Esta actitud le valió ser expulsado de su país, lo que fue, a fin de cuentas, lo menos que podía haberle sucedido. El escritor católico y progresista Heinrich Böll (al cambio, una especie de José María Valverde alemán) dio cobijo en su casa al fugitivo del paraíso del proletariado, y de paso trató de disculparle, presentándole como una suerte de socialdemócrata antistalinista y cristiano postconciliar. Por suerte, Soljenitsin no tardó en demostrar con sus palabras y actos que no tenía nada de socialista ni de socialdemócrata y que era cristiano sin necesidad de ser postconciliar. Por su parte, Böll no solo quedó bien con todo el mundo, sino que fue gratamente recompensado con el premio Nobel de 1972; porque el de 1971 estuvo reservado al poeta comunista chileno Pablo Neruda, para deshacer el entuerto de haber premiado a un escritor tan «comprometido» (pero comprometido de los de verdad: no solo comprometido, sino comprometedor).

El premio Nobel es una especie de patente de corso, que la Academia sueca administra con suma prudencia, girando casi siempre a la izquierda. Aunque a veces es necesario compensar, premiando a individuos como Soljenitsin. Por eso últimamente tiende a premiar a escritores absolutamente irrelevantes; o es que en el siglo XXI, de tanto escribir con ordenador, ya no hay escritores.

El desterrado Soljenitsin deambuló por Europa durante algún tiempo, y sus vagabundeos le trajeron a España, donde el inquieto José María Íñigo le llevó a su programa de televisión. La aparición del escritor ruso con sus barbas de capitán Ahab en la pequeña pantalla provocó el estupor primero y la indignación acto seguido de la «progresía» nacional.

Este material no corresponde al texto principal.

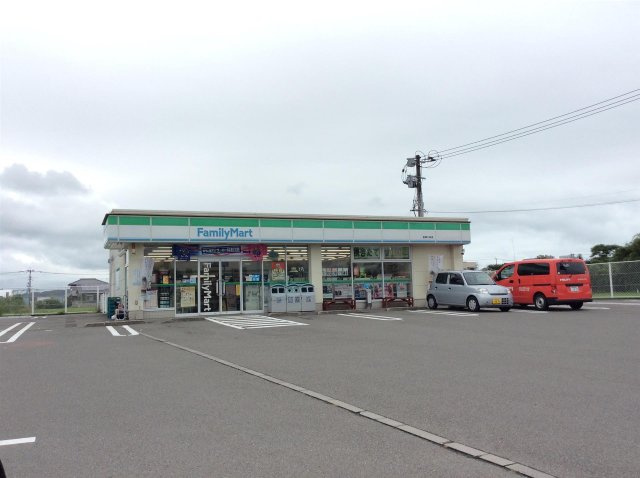 【周辺】 | レザンス波島 | ファミリーマート宮崎大島店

Bien es cierto que Íñigo, tal vez para hacerse perdonar u olvidar su condición de estrella de la televisión franquista, filmó a Soljenitsin como a un energúmeno alucinado. Aún así, lo que Soljenitsin dijo ofendió gravemente a la «progresía». El escritor ruso había visto en los quioscos de Madrid toda la prensa extranjera que le apeteciera comprar; había huelgas, aunque no estuvieran autorizadas; todo el mundo podía desplazarse libremente por España y salir al extranjero; ¡se podía tener una fotocopiadora en casa para uso particular! Y concluía Soljenitsin: «¿A esto le llaman ustedes dictadura? ¡Vayan a la Unión Soviética y entérense!».

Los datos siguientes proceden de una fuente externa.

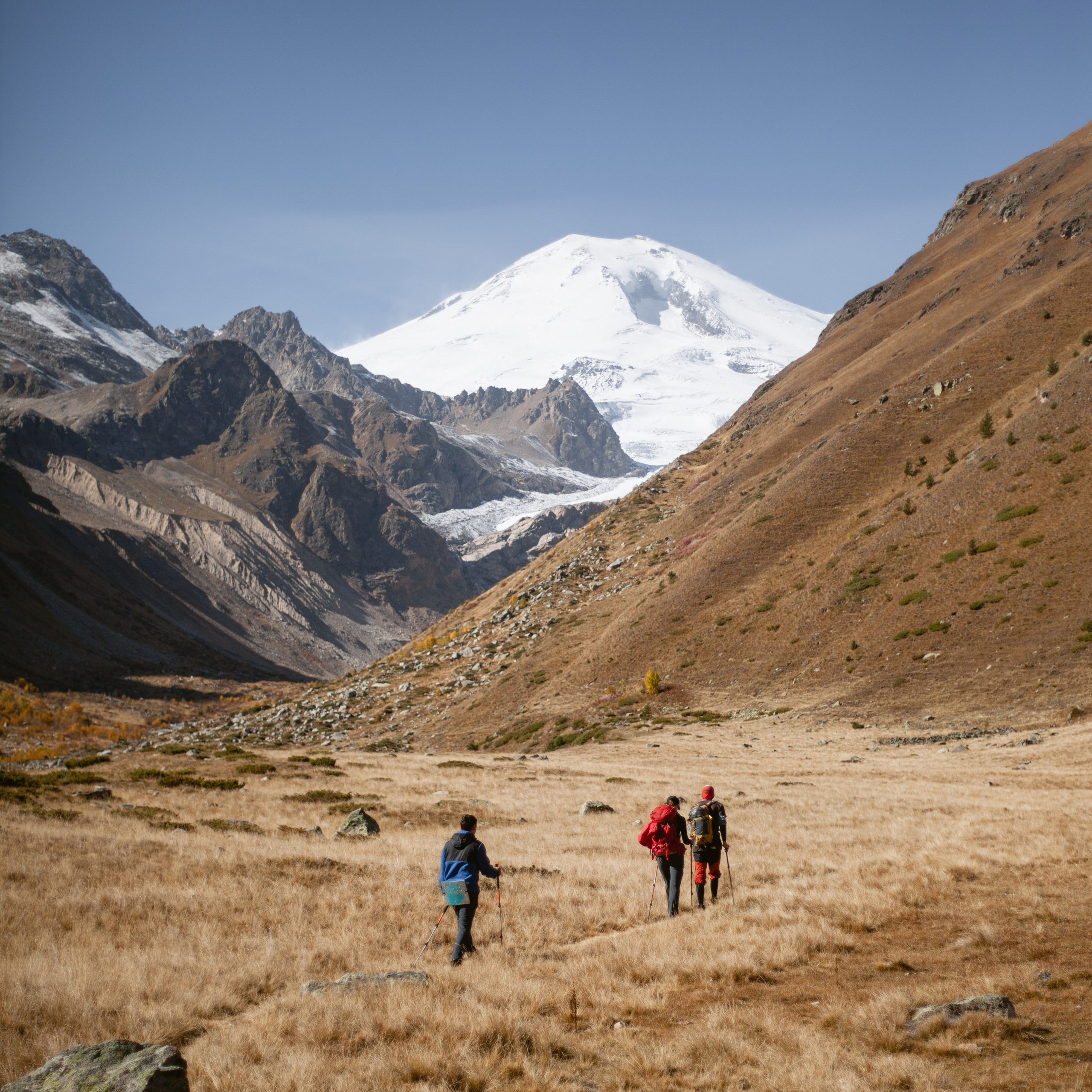 Трекинг Приэльбрусье. Октябрь 2023. Уникальные экспедиции — LUCKY CLAN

La condena por la vía violenta no se hizo esperar. Cucamente, no fueron los intelectuales comunistas los primeros en dar la cara, sino un «compañero de viaje» como Juan Benet, autor de un artículo miserable, indigno de tan buen escritor. Mas si Benet pidió con todas las letras que se devolviera a Soljenitsin al gulag, otros pedían que le metieran en un psiquiátrico o en una jaula. Curiosamente, la izquierda, tanto la de observancia leninista como la supuestamente moderada, siempre consideró con mayor tranquilidad los gulag que los campos de concentración nacionalsocialistas: por eso, tal vez Benet creía que en un campo soviético se le podía dar a Soljenitsin buena educación. Apunto esto porque Benet fue amigo mío. Las reacciones contra Soljenitsin fueron uno de los episodios más vergonzosos de la transición temprana: solo porque el escritor ruso vino a hablar de libertad, cuando aquí sólo se quería oír hablar de democracia.